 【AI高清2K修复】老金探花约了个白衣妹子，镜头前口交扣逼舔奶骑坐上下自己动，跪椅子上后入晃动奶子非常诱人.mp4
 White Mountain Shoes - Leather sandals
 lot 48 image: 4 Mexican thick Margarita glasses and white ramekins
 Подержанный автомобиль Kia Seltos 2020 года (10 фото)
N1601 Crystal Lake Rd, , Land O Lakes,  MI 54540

==

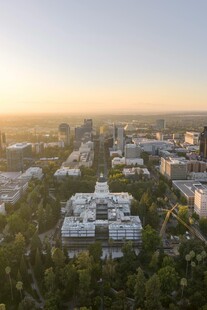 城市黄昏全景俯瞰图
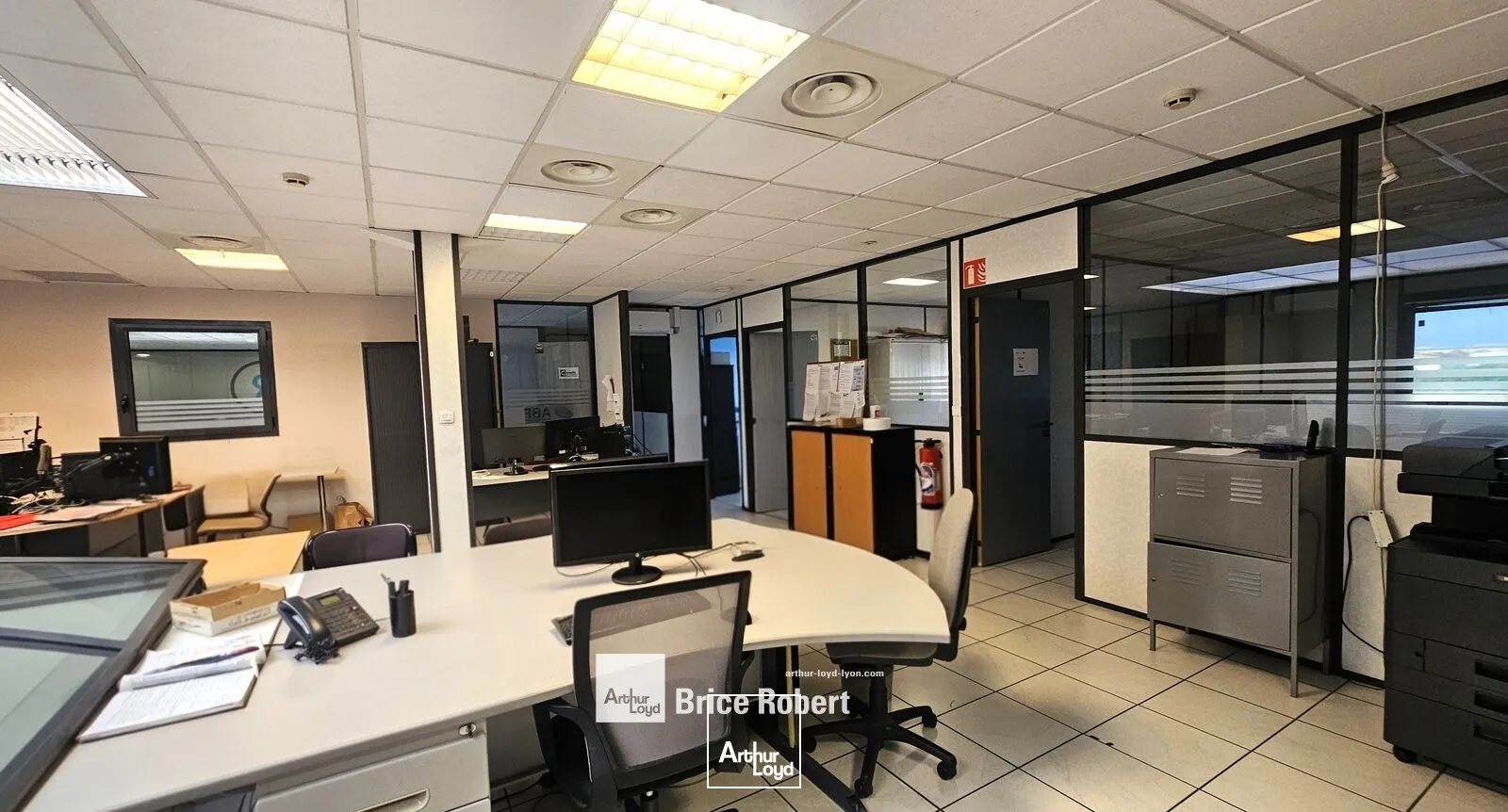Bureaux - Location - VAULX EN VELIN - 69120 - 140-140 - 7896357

...

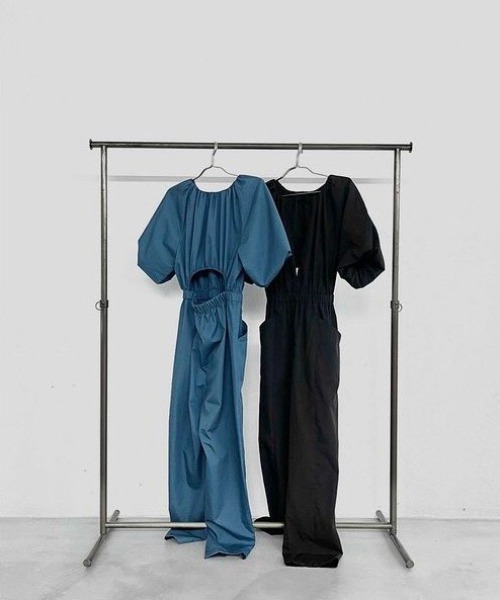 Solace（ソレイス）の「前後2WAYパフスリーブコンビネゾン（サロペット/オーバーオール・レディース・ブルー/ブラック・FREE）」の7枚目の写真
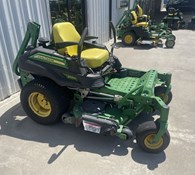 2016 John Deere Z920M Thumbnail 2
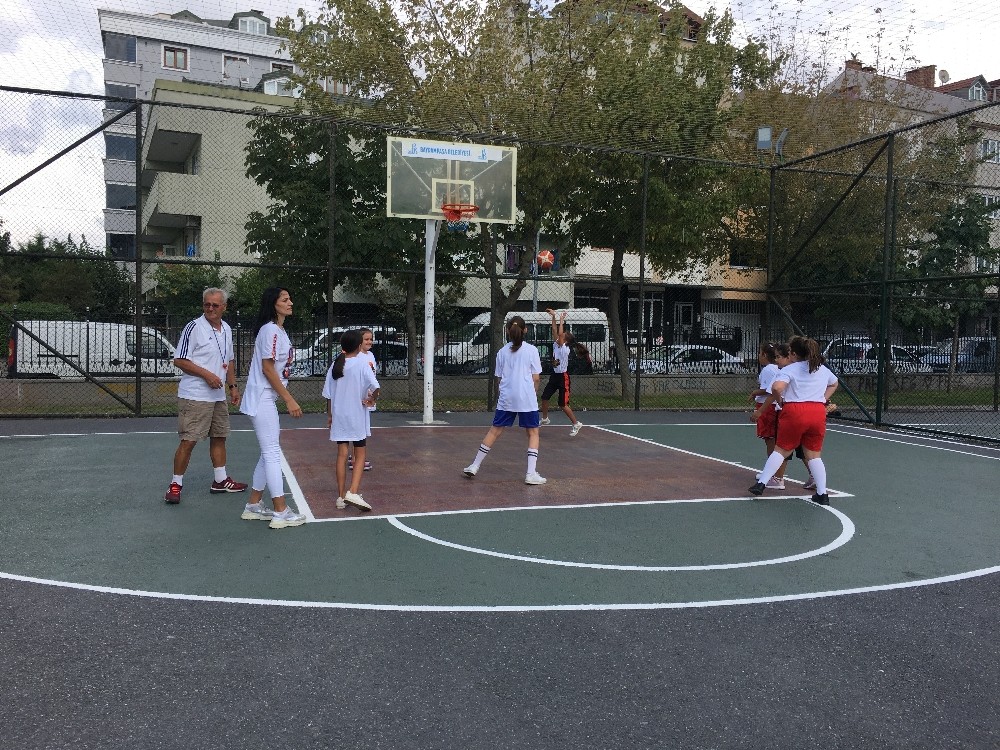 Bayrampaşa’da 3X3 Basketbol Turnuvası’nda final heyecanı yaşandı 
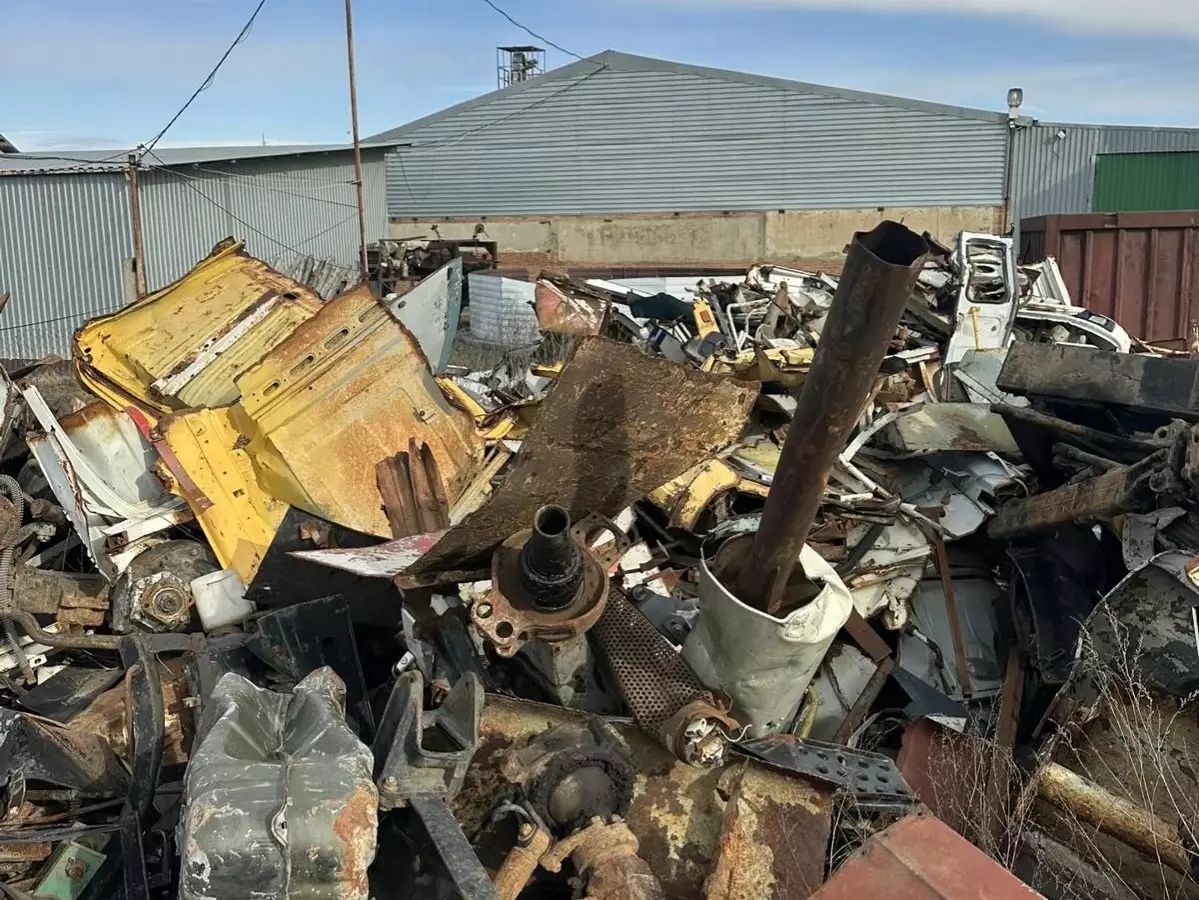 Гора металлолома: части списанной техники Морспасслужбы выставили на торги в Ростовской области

(YOUR OBJECTIVE) The copy should hold only the lines from the one with "2016 John Deere Z920M Thumbnail 2" through the one with "Гора металлолома: части", exactly as they stand above. Leave out the pictures.

(OUTPUT)
 2016 John Deere Z920M Thumbnail 2
 Bayrampaşa’da 3X3 Basketbol Turnuvası’nda final heyecanı yaşandı 
 Гора металлолома: части списанной техники Морспасслужбы выставили на торги в Ростовской области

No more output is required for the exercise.